MADDIE HAS GONE VEGAN
Welcome to our second edition of Maddie Bakes. Today I am sharing Maddie’s newest recipe for Vegan Brownies. Okay, I see you out there turning up your nose and shaking your head. I know what you are saying. Baked goods should be decadent and mouthwatering, not gluten free and good for you. I know because before Maddie started her vegetarian lifestyle I would have never thought about making a vegan dessert. Give me all the flour and fat you can pack into a dessert. However, I am a convert. Her vegan brownies are delicious.
CHANGING HER COOKING HABITS
However, our cooking and baking habits have changed a bit since Mads has adopted her new eating style. She is partly doing this because of her love for animals and convictions to not harm any of them, but she has also had health problems that concern her stomach which leaves her very limited with her diet choices. She does not tolerate dairy well and many processed foods make her very sick. That is why she has adopted a healthier way of eating and cooking.

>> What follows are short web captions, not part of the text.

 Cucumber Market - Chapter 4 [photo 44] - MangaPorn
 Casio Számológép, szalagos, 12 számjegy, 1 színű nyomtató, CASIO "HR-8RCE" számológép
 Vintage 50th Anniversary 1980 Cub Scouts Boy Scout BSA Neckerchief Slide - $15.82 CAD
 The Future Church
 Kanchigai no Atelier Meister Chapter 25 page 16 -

MADDIE BAKES VEGAN (SOMETIMES)
Maddie still loves to cook lots of sweets with ingredients she cannot eat, but she has broadened her recipe collection to include vegan, flourless, gluten free, and natural baking recipes. Here are Maddie’s VEGAN BROWNIES.
VEGAN BROWNIES RECIPE
1 Cup Mashed Bananas (about 3 bananas)
1/2 cup Creamy Peanut Butter
2 TB Agave Nectar
3 TB Cocoa Powder
Coconut Cooking Spray
Preheat oven to 350 degrees. Spray an 8 inch square pan with coconut cooking spray. In a large mixing bowl, combine peanut butter and mashed bananas until combined smoothly. Mix in agave and cocoa powder until all ingredients are incorporated together. Spread batter evenly into sprayed baking pan. Bake 18- 20 minutes, until brownies are set, but still gooey. Allow to cool. Cut brownies into 9 squares and serve.

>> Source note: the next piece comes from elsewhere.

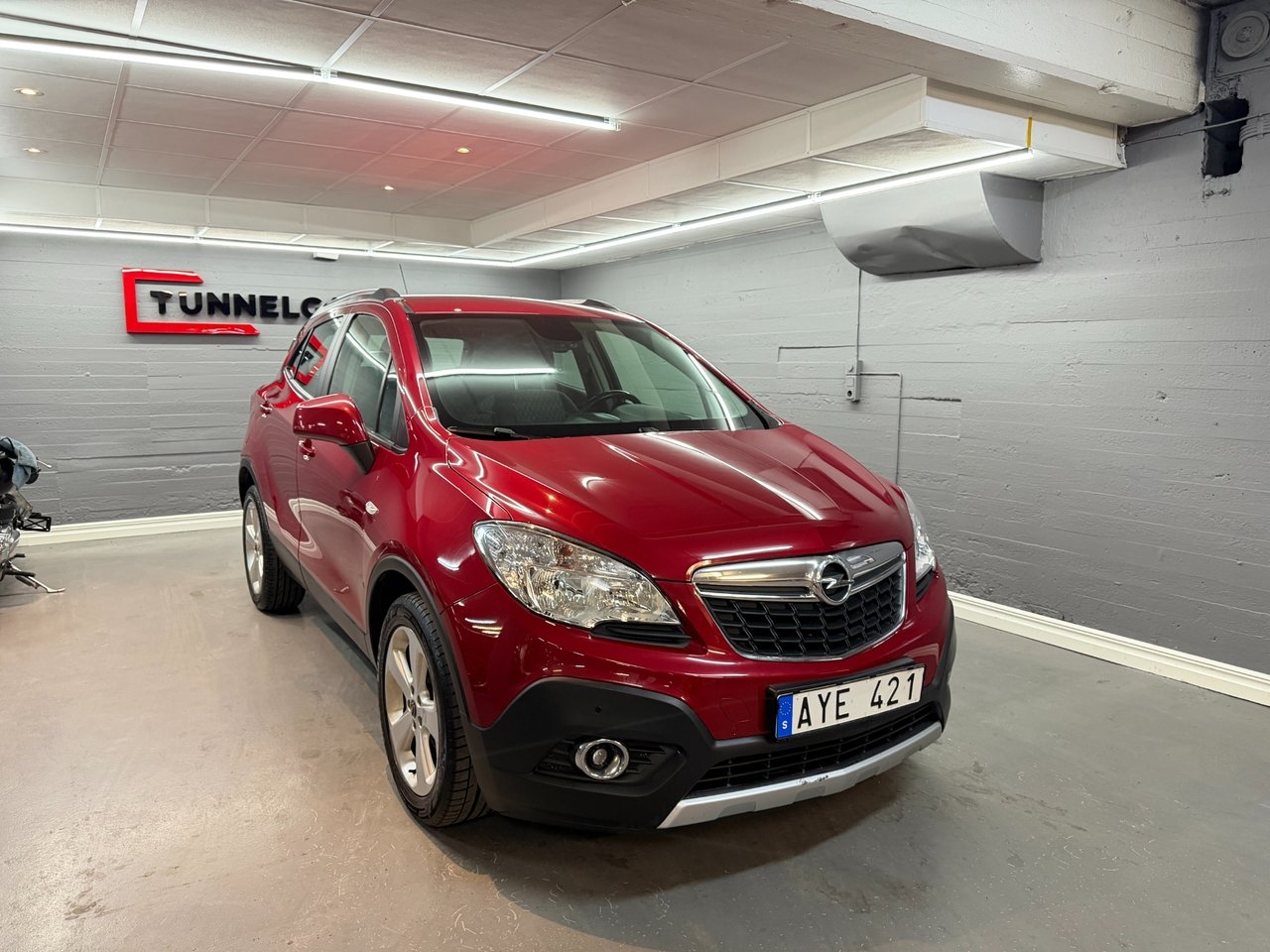 Opel Mokka 1.6 ecoFLEX Nybesiktigad 2014, bild 2/14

BENEFITS OF A VEGAN LIFESTYLE
Living a vegan lifestyle can have many advantages. Eating a diet full of fresh fruits and vegetables, whole grains, nuts, beans, and soy will reduce the amount of saturated fat you eat. It will also increase the amount of some vitamins and minerals such as Potassium, Folate, Magnesium, Vitamin C, and Vitamin E that might be neglected in a diet with meat.

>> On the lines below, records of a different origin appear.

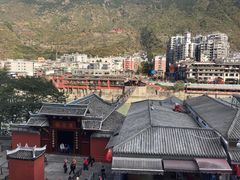 -泸定桥景区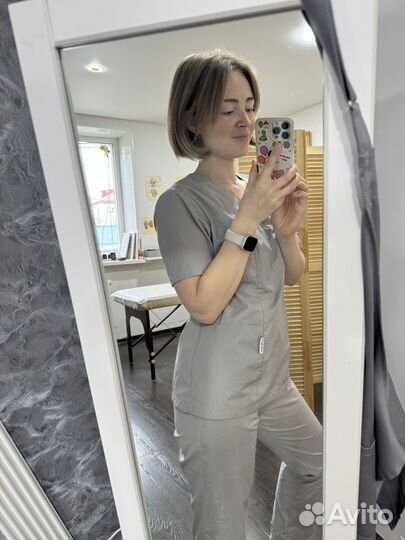 Ручной массаж лица и тела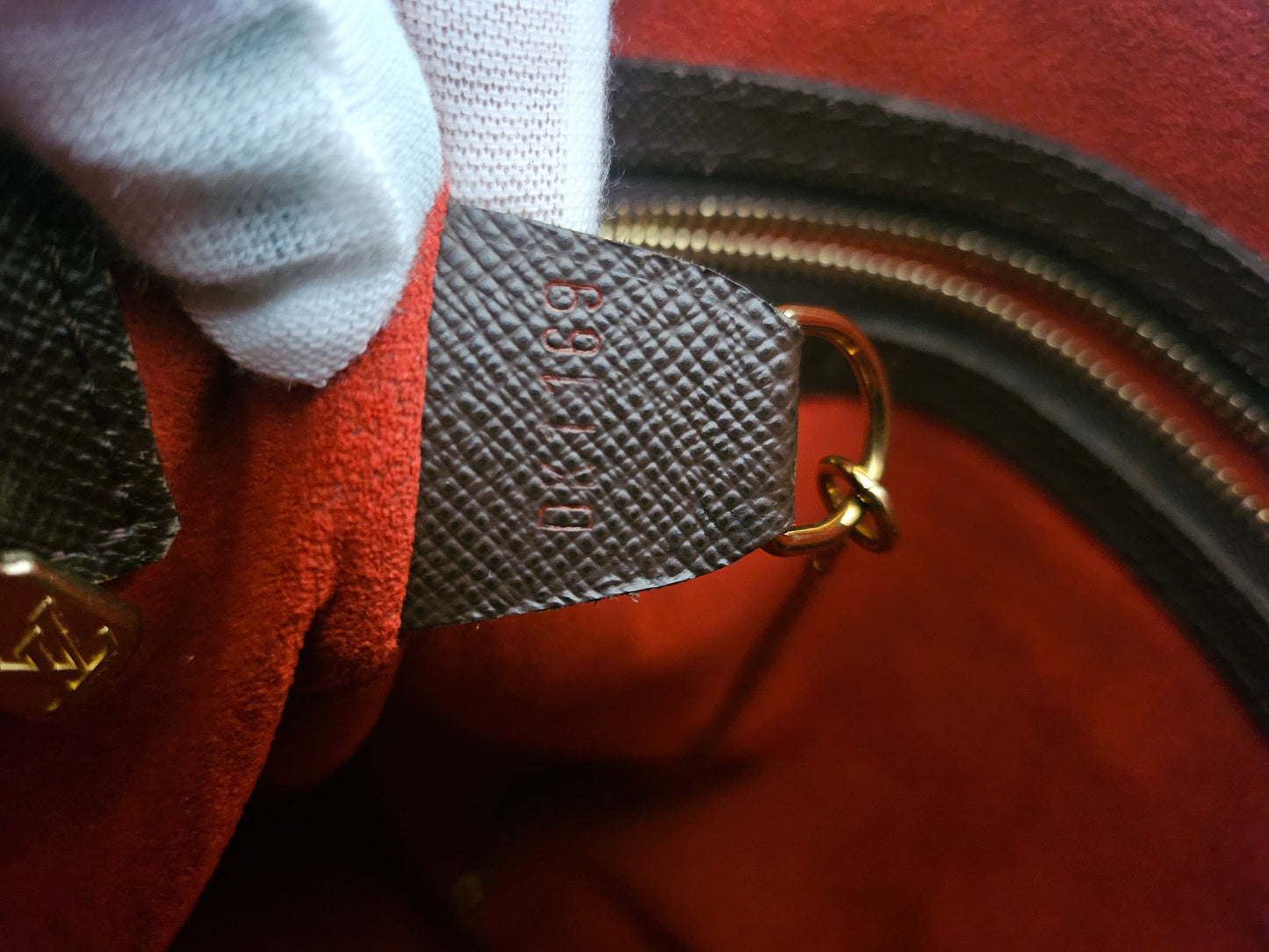 Louis Vuitton Marrais Bucket bag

There is also evidence that many diseases can be held at bay with a vegan diet. There are studies showing a reduction in cardiovascular disease, hypertension, Type 2 diabetes, several types of cancer, and arthritis.
Studies have also shown physical benefits as well. Weight loss, more energy, less migraine head aches, less body odor, longer life, and healthy skin are some of the benefits reported. These truly are some wonderful advantages to a vegan lifestyle, but any meal plan needs to be approached with education and moderation in mind.